Figure 6.33 Ex vivo models. In these images, harvested animal models are lain out on special platforms that configure the organs in the shape of a human colon. The Endo‐X trainer (a) is designed specifically to accommodate a harvested bovine colon while the Erlangen active simulator for interventional endoscopy model (EASIE‐R) (b) platform is shown here with a porcine digestive tract.

Static mechanical models such as the Erlangen active simulator for interventional endoscopy colonoscopy model (coloEASIE) consists of a tube of spiraled wired mounted to a platform that allows for practice in navigation and loop management (Figure 6.32) [32, 33].

Ex vivo colonoscopy models have also been developed and can be used for teaching early motor skills [33, 34] (Figures 6.33a,b). These models utilize harvested bovine or porcine colons that are laid out on a special platform in a human anatomical configuration. The use of these models are typically limited to more advanced training in skills such as therapeutic hemostasis devices or advanced endoscopy procedures such as EMR and ERCP. The ASGE, however, does offer annual training courses to first year fellows, teaching early endoscopy skills with the aid of ex vivo models, at their central endoscopy training center, the Interactive Training and Technology (ITT) Center in Downers Grove, IL. Another option is to utilize one of a number of commercial entities that offers the delivery and set up a temporary ex vivo training laboratory wherever it is needed. As the use of ex vivo simulation training for basic skills becomes more common, participation by first year fellows in standardized courses for colonoscopy could become commonplace as a precursor to starting patient‐based training.

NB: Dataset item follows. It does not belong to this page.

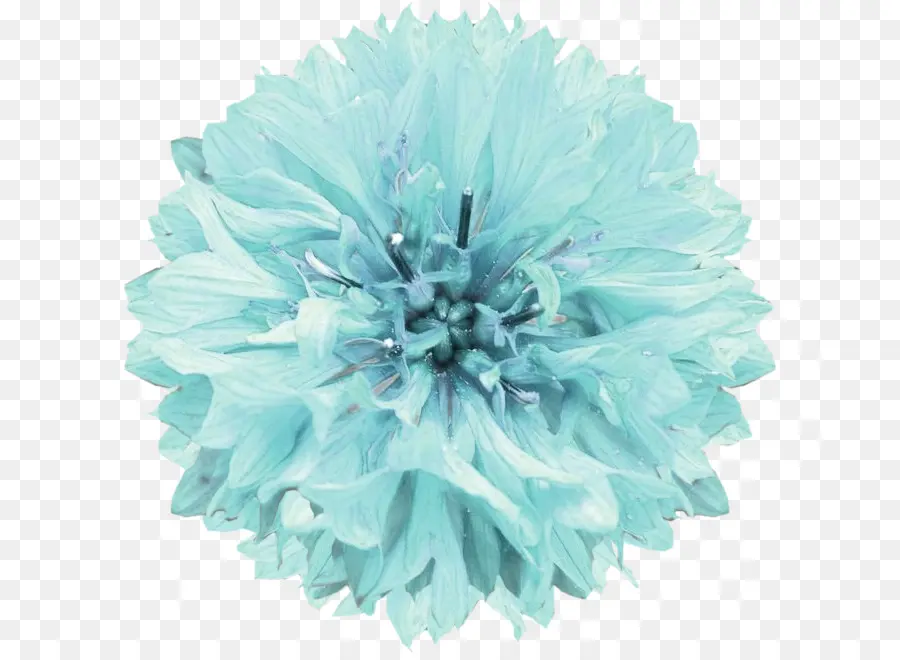 Flores De Corte，Turquesa PNG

In addition to the teaching above, the continuous formative assessment of early motor skills is an important part of training. This ideally should be done in a formative manner to help identify early bad habits such as overuse of the two‐handed scoping technique or to extinguish unsafe practices such as pushing while in red‐out. This should be done during the simulation phase of training (if used), otherwise very early in the patient‐based training experience to prevent bad habits from becoming ingrained.

In summary, computer, static models, or ex vivo animal models can be used effectively to teach basic endoscopy skills when used prior to beginning patient‐based training. Regardless of the type of simulation training used, it should be noted that it is not intended as a replacement to bedside teaching but simply a means to augment traditional training and possibly accelerate the acquisition of skills. There is no training that will ultimately better prepare one to perform colonoscopy on patients than actually performing patient‐based exams. If simulation models are not available, seeking out special courses such as those offered by the ASGE would be recommended. If these options are not possible, patient‐based training alone is still the standard and completely acceptable means to train these early skills.